[DIRECTIONS] Copying each record below exactly is the whole task.

[RECORDS SUPPLIED]

>>>

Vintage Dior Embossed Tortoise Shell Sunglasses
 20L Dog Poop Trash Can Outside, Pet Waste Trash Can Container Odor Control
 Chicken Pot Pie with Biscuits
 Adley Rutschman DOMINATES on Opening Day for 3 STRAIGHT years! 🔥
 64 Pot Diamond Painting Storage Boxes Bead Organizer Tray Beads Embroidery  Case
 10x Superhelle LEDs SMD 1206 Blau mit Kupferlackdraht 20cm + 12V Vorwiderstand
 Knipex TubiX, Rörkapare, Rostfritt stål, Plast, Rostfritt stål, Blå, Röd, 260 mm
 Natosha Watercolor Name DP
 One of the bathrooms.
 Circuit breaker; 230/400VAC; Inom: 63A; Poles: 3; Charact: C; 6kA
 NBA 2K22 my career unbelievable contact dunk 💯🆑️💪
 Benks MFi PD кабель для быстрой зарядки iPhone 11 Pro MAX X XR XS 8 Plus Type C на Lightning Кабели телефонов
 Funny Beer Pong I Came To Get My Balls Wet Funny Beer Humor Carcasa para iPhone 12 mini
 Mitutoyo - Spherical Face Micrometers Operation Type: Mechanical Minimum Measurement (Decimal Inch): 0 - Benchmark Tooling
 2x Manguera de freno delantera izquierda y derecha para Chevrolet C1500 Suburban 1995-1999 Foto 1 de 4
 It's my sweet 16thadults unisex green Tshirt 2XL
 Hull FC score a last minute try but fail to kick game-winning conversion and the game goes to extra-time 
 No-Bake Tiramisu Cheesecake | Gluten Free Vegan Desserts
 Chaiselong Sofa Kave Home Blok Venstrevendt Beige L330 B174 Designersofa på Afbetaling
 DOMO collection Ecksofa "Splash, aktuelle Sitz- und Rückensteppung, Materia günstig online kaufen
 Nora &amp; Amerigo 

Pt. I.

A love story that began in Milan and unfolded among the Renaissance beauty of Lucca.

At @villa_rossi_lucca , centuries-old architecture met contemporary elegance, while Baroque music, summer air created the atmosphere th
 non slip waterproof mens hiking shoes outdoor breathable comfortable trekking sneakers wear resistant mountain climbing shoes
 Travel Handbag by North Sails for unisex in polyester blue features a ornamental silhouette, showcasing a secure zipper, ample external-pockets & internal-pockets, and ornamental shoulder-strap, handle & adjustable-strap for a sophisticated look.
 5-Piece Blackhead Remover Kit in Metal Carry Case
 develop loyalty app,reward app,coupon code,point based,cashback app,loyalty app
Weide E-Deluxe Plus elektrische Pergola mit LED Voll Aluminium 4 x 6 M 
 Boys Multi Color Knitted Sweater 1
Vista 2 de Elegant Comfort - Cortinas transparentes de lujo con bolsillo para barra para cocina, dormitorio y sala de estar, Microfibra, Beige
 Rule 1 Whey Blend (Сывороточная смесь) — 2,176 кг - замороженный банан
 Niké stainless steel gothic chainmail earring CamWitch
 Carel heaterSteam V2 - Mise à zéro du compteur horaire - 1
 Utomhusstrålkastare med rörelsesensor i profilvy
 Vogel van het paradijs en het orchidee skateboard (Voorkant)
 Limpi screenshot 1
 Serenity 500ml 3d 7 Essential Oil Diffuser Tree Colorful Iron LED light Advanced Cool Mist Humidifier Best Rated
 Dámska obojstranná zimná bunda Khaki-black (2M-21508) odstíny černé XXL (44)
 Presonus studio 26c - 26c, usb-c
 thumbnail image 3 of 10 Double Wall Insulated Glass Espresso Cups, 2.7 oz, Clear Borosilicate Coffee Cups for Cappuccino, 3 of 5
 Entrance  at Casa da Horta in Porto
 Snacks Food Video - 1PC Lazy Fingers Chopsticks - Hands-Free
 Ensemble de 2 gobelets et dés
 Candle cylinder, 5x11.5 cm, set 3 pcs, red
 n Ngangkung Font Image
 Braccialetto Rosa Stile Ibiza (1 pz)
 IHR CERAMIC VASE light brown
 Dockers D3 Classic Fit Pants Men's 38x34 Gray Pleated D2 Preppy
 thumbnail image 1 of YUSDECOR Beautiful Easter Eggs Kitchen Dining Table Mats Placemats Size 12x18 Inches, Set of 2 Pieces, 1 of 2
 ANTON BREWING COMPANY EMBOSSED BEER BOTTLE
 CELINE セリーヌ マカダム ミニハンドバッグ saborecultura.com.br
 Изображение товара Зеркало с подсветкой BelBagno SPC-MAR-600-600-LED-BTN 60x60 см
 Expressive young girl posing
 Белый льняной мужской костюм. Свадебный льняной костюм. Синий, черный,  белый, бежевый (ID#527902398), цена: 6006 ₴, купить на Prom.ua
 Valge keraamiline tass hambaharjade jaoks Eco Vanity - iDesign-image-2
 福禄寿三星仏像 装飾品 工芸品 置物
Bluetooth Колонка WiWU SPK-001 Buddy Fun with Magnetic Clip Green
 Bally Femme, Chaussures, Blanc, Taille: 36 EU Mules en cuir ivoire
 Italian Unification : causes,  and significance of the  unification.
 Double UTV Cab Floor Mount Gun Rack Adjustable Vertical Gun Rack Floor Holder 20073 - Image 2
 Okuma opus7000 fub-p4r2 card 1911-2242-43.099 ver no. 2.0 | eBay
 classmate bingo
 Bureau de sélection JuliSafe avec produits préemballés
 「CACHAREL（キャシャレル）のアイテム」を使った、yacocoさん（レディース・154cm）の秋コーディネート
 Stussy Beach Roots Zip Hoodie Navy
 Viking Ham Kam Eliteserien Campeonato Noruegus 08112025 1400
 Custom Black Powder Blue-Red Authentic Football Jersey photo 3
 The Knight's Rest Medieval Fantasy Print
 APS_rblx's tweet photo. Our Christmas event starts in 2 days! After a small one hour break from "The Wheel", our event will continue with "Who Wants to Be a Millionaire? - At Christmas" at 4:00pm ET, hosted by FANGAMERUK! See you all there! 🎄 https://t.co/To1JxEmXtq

<<<

[SOLVED PROBLEM]
Vintage Dior Embossed Tortoise Shell Sunglasses
 20L Dog Poop Trash Can Outside, Pet Waste Trash Can Container Odor Control
 Chicken Pot Pie with Biscuits
 Adley Rutschman DOMINATES on Opening Day for 3 STRAIGHT years! 🔥
 64 Pot Diamond Painting Storage Boxes Bead Organizer Tray Beads Embroidery  Case
 10x Superhelle LEDs SMD 1206 Blau mit Kupferlackdraht 20cm + 12V Vorwiderstand
 Knipex TubiX, Rörkapare, Rostfritt stål, Plast, Rostfritt stål, Blå, Röd, 260 mm
 Natosha Watercolor Name DP
 One of the bathrooms.
 Circuit breaker; 230/400VAC; Inom: 63A; Poles: 3; Charact: C; 6kA
 NBA 2K22 my career unbelievable contact dunk 💯🆑️💪
 Benks MFi PD кабель для быстрой зарядки iPhone 11 Pro MAX X XR XS 8 Plus Type C на Lightning Кабели телефонов
 Funny Beer Pong I Came To Get My Balls Wet Funny Beer Humor Carcasa para iPhone 12 mini
 Mitutoyo - Spherical Face Micrometers Operation Type: Mechanical Minimum Measurement (Decimal Inch): 0 - Benchmark Tooling
 2x Manguera de freno delantera izquierda y derecha para Chevrolet C1500 Suburban 1995-1999 Foto 1 de 4
 It's my sweet 16thadults unisex green Tshirt 2XL
 Hull FC score a last minute try but fail to kick game-winning conversion and the game goes to extra-time 
 No-Bake Tiramisu Cheesecake | Gluten Free Vegan Desserts
 Chaiselong Sofa Kave Home Blok Venstrevendt Beige L330 B174 Designersofa på Afbetaling
 DOMO collection Ecksofa "Splash, aktuelle Sitz- und Rückensteppung, Materia günstig online kaufen
 Nora &amp; Amerigo 

Pt. I.

A love story that began in Milan and unfolded among the Renaissance beauty of Lucca.

At @villa_rossi_lucca , centuries-old architecture met contemporary elegance, while Baroque music, summer air created the atmosphere th
 non slip waterproof mens hiking shoes outdoor breathable comfortable trekking sneakers wear resistant mountain climbing shoes
 Travel Handbag by North Sails for unisex in polyester blue features a ornamental silhouette, showcasing a secure zipper, ample external-pockets & internal-pockets, and ornamental shoulder-strap, handle & adjustable-strap for a sophisticated look.
 5-Piece Blackhead Remover Kit in Metal Carry Case
 develop loyalty app,reward app,coupon code,point based,cashback app,loyalty app
Weide E-Deluxe Plus elektrische Pergola mit LED Voll Aluminium 4 x 6 M 
 Boys Multi Color Knitted Sweater 1
Vista 2 de Elegant Comfort - Cortinas transparentes de lujo con bolsillo para barra para cocina, dormitorio y sala de estar, Microfibra, Beige
 Rule 1 Whey Blend (Сывороточная смесь) — 2,176 кг - замороженный банан
 Niké stainless steel gothic chainmail earring CamWitch
 Carel heaterSteam V2 - Mise à zéro du compteur horaire - 1
 Utomhusstrålkastare med rörelsesensor i profilvy
 Vogel van het paradijs en het orchidee skateboard (Voorkant)
 Limpi screenshot 1
 Serenity 500ml 3d 7 Essential Oil Diffuser Tree Colorful Iron LED light Advanced Cool Mist Humidifier Best Rated
 Dámska obojstranná zimná bunda Khaki-black (2M-21508) odstíny černé XXL (44)
 Presonus studio 26c - 26c, usb-c
 thumbnail image 3 of 10 Double Wall Insulated Glass Espresso Cups, 2.7 oz, Clear Borosilicate Coffee Cups for Cappuccino, 3 of 5
 Entrance  at Casa da Horta in Porto
 Snacks Food Video - 1PC Lazy Fingers Chopsticks - Hands-Free
 Ensemble de 2 gobelets et dés
 Candle cylinder, 5x11.5 cm, set 3 pcs, red
 n Ngangkung Font Image
 Braccialetto Rosa Stile Ibiza (1 pz)
 IHR CERAMIC VASE light brown
 Dockers D3 Classic Fit Pants Men's 38x34 Gray Pleated D2 Preppy
 thumbnail image 1 of YUSDECOR Beautiful Easter Eggs Kitchen Dining Table Mats Placemats Size 12x18 Inches, Set of 2 Pieces, 1 of 2
 ANTON BREWING COMPANY EMBOSSED BEER BOTTLE
 CELINE セリーヌ マカダム ミニハンドバッグ saborecultura.com.br
 Изображение товара Зеркало с подсветкой BelBagno SPC-MAR-600-600-LED-BTN 60x60 см
 Expressive young girl posing
 Белый льняной мужской костюм. Свадебный льняной костюм. Синий, черный,  белый, бежевый (ID#527902398), цена: 6006 ₴, купить на Prom.ua
 Valge keraamiline tass hambaharjade jaoks Eco Vanity - iDesign-image-2
 福禄寿三星仏像 装飾品 工芸品 置物
Bluetooth Колонка WiWU SPK-001 Buddy Fun with Magnetic Clip Green
 Bally Femme, Chaussures, Blanc, Taille: 36 EU Mules en cuir ivoire
 Italian Unification : causes,  and significance of the  unification.
 Double UTV Cab Floor Mount Gun Rack Adjustable Vertical Gun Rack Floor Holder 20073 - Image 2
 Okuma opus7000 fub-p4r2 card 1911-2242-43.099 ver no. 2.0 | eBay
 classmate bingo
 Bureau de sélection JuliSafe avec produits préemballés
 「CACHAREL（キャシャレル）のアイテム」を使った、yacocoさん（レディース・154cm）の秋コーディネート
 Stussy Beach Roots Zip Hoodie Navy
 Viking Ham Kam Eliteserien Campeonato Noruegus 08112025 1400
 Custom Black Powder Blue-Red Authentic Football Jersey photo 3
 The Knight's Rest Medieval Fantasy Print
 APS_rblx's tweet photo. Our Christmas event starts in 2 days! After a small one hour break from "The Wheel", our event will continue with "Who Wants to Be a Millionaire? - At Christmas" at 4:00pm ET, hosted by FANGAMERUK! See you all there! 🎄 https://t.co/To1JxEmXtq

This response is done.